L'architecture scolaire connaît ensuite un profond "creux de vague" durant une trentaine d'années. Seule la reconstruction des années 1950 édifie un certain nombre de bâtiments plutôt modernistes comme le collège Jacques-Prévert (1950) à Noisy-le-Sec, reconstruction de l’ancienne école des filles qui avait été très endommagée par les bombardements d’avril 1944.
Le Raincy accueille en 1945 une annexe du Lycée Charlemagne de Paris. En 1952, la municipalité entreprend son extension et crée de nouvelles classes. Des bâtiments provisoires sont installés en attendant la construction du nouveau lycée qui débute fin 1953, le premier coup de pioche étant donné en janvier 1954. La réalisation du bâtiment sur un terrain trop meuble oblige à une structure sur pilotis, les piliers étant implantés à plus de dix mètres de profondeur. L’architecte Petit dirige les travaux de cet édifice compacte à la façade décorée de céramiques jaunes. Le lycée Albert-Schweitzer est inauguré en janvier 1956.

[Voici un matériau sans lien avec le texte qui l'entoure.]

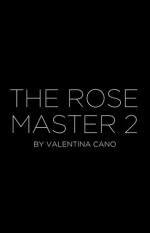 The Rose Master 2 (Working Title) - Valentina Cano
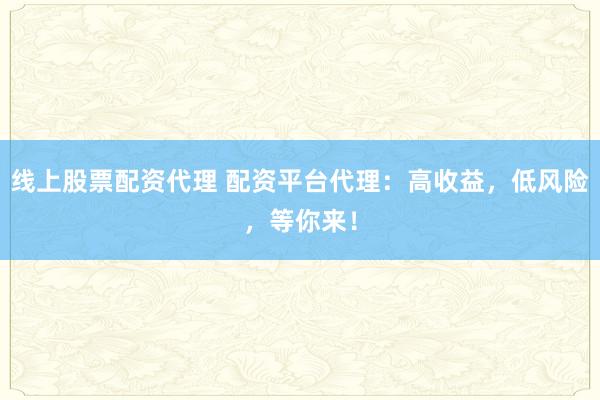 线上股票配资代理 配资平台代理：高收益，低风险，等你来！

La construction d’habitats sociaux à Romainville dans les années 1950 incite la municipalité à réaliser un nouveau groupe scolaire, Paul-Langevin, rue des Chanteloups en 1956, et l’école Danielle-Casanova, avenue de Verdun (en 1955). Celle-ci est construite par André Bérard, l’architecte ayant déjà réalisé le groupe scolaire Charcot-barbusse en 1939.

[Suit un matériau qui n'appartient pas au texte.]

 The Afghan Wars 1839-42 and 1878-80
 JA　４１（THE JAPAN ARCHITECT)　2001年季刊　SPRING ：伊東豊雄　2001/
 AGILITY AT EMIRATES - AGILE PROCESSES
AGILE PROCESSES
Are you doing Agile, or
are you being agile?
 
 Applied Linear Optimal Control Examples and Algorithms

Enfin, chef-d’œuvre de la modernité, le groupe scolaire André-Diez, en béton armé, construit par André Lurçat, à Saint-Denis, en 1952. Influencé par Alfred Loos, représentant du "style international" avec Le Corbusier et Mallet Stevens, André Lurçat s’affirme résolument moderne dans ses constructions. Il se fait remarquer en 1924 avec la villa Lurçat à Paris, puis des réalisations comme le groupe scolaire Karl-Marx à Villejuif en 1931-1933.
Lurçat participe activement à la reconstruction de l’après-guerre en France avec de nombreuses cités d’habitations collectives à Saint-Denis, le Blanc-Mesnil, Villejuif et, surtout, la reconstruction de Maubeuge. Il est notamment l’auteur de l’hôtel-de-ville de Blanc-Mesnil, élaboré en 1938, à l’heure de gloire du paquebot Normandie que ce bâtiment évoque, des ateliers municipaux, de la cité Victor-Hugo et du stade municipal Jean-Bouin dans cette même ville. À Saint-Denis, André Lurçat construit la cité Paul-Langevin et le groupe scolaire André-Diez destiné à recevoir les enfants de la cité. Le bâtiment présente une grande symétrie dans ses formes, le préau seul dominant un ensemble répétitif. Les ossatures porteuses sont en béton armé, de forts encadrements soulignent les baies, tandis que la simplicité des motifs géométriques renforce la solennité de cette grande forme symétrique.
Pendant les années 1960, la production s'oriente de façon assez systématique vers des surélévations d'édifices déjà existants, faute de terrains disponibles, l'ordre du jour étant plutôt à la construction de logements. Dans le paysage de tours et de barres qui se constitue alors, l'école, réduite à une échelle presque lilliputienne, se transforme en un motif ornemental.
C'est grâce au retour à des règles conventionnelles d'urbanisme que la mutation s'opère durant les années 1980. Les architectes de renom ne rechignent pas à se lancer dans des opérations d'architecture scolaire, créant pour celle-ci une renaissance incontestable durant la dernière décennie. Les œuvres réalisées depuis donnent à lire les tendances de la mode au même titre que les réalisations de logements qui leur sont contemporaines. C'est le cas notamment pour les collèges Elsa Triolet à Saint-Denis (Porro), Pierre-Sémard à Bobigny (Buczkowska), Colonel-Fabien à Montreuil (Porro et De la Noue), Anatole-France à Drancy (Lamour et Marchant), Paul-Painlevé à Villetaneuse en 1994 ou Pablo-Neruda à Pierrefitte (Bical, Courcier et Martinelli).